While it fully complements the scene in building tension, dialogue and visible action, I believe it not only tells a deeper story, but tells the entire story of the drama of Facebook, so inexorably and precisely interwoven that one cannot help sensing an overload of information purely from the musical soundscape. It strengthens the distinctly fast and gripping dynamic established by Sorkin and Fincher.
I will attempt to put into words what I imagine a textual interpretation might look like.
The interplay between editing and sound design is astonishing in how despite having several different levels of intricate audio one is able to be fully engaged and clearly follow the scene. It begins, or rather leads away from the continuous lawyers' debate, discussing evidence for Zuckerberg's first steps of activity straying from his agreement with the antagonists on building the social network. Given the context, we already inhabit a virtual world, hence the overarching synthesizer.
With the initial cutaway to Mark's many whiteboards featuring his ideas, already a subtle spectrum of dazzling synapses eases in through the cascading of a high and seemingly chaotic synthesizer.
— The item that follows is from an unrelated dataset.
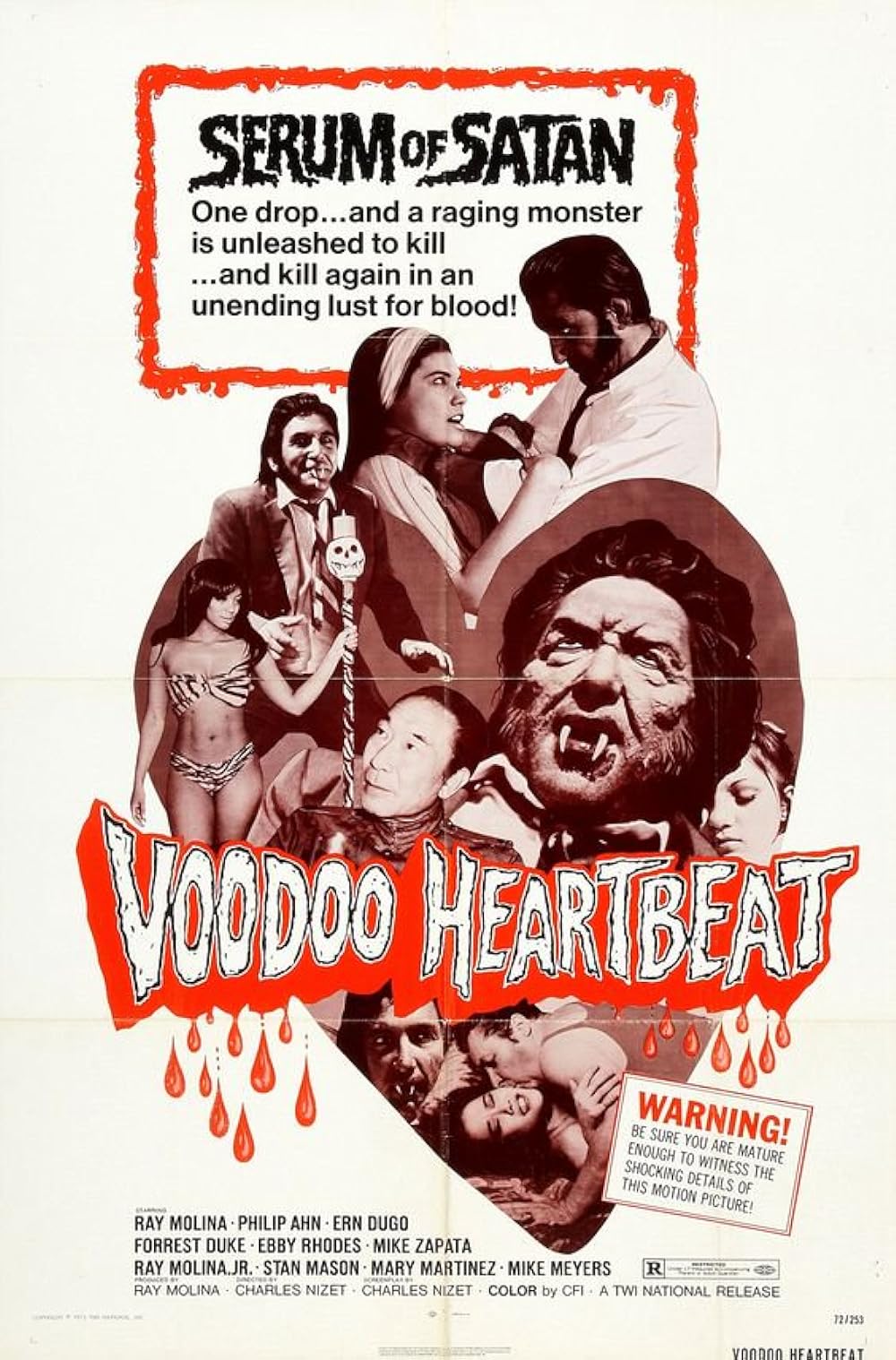 Voodoo Heartbeat (1973)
It can be explained as broadly as space noise, or the existence of the universe. Amidst the chaos there appear patterns resembling intelligence - the first sign of emergence of life through harmony. A powerful synthetic bass emerges, the beating heart, and almost immediately after comes something more familiar. From the chaos is born a single and simple entity, the piano, representing man, or rather man as a physical being. Within the film it represents the feelings and thoughts of Mark Zuckerberg.
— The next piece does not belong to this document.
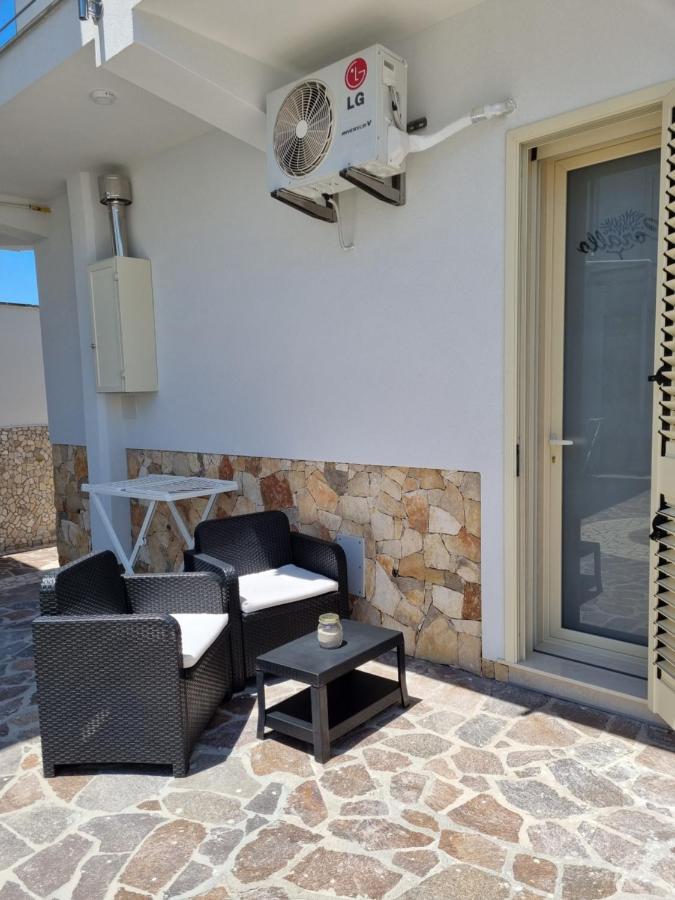 Albatros B&B Porto Cesareo Exteriör bild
The brilliance in this representation is overshadowed only by the fact that despite Mark's eloquent and sharp dialogue there still exists a void. His impulsivity leads to verbal jousting for much of the feature and leaves one wondering whether he is indeed thinking or feeling what he's expressing, and to what extent. Continuing, man is one with the chaos around him, yet within him there resides an urge for something more, just as the piano diverges from its beginning leitmotif. It leaves the comfort zone in pursuit of the idea, initiating a harder thumping heartbeat and motion from the surrounding universe - action and reaction.
With the thought of the idea having shook the foundations in the score, a new phenomenon eases in, the electric guitar. It's barely visible on the horizon, still hiding behind man and chaos as a single fluctuating, discordant and dissonant interval, growing in intensity and pervading what's been established until it proves no longer bearable. Through a metal distortion the guitars rise up and completely take over man by force, towering over him, separating the original interval into two melodies: the first complementing man and the second providing support and demonstrating just how passionate and dangerous that idea is. It is untamable by man, more powerful than him.
Man is taken aback by this new truth, laying silent for a brief moment before the guitar comes creeping in again.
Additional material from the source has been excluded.